(Beginning of Data section)

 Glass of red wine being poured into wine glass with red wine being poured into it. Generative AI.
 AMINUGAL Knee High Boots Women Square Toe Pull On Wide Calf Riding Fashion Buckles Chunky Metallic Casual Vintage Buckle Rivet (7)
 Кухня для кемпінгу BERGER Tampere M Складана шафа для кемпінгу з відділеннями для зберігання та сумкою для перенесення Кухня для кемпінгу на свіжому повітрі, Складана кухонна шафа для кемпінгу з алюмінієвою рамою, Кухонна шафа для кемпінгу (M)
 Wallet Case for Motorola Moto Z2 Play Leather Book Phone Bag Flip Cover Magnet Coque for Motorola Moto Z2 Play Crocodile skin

(End of Data section)

Problem to solve
Exact copies of the lines from the one with "AMINUGAL Knee High" through the final line of the listing should be returned, and no other lines.

Solution for this task
 AMINUGAL Knee High Boots Women Square Toe Pull On Wide Calf Riding Fashion Buckles Chunky Metallic Casual Vintage Buckle Rivet (7)
 Кухня для кемпінгу BERGER Tampere M Складана шафа для кемпінгу з відділеннями для зберігання та сумкою для перенесення Кухня для кемпінгу на свіжому повітрі, Складана кухонна шафа для кемпінгу з алюмінієвою рамою, Кухонна шафа для кемпінгу (M)
 Wallet Case for Motorola Moto Z2 Play Leather Book Phone Bag Flip Cover Magnet Coque for Motorola Moto Z2 Play Crocodile skin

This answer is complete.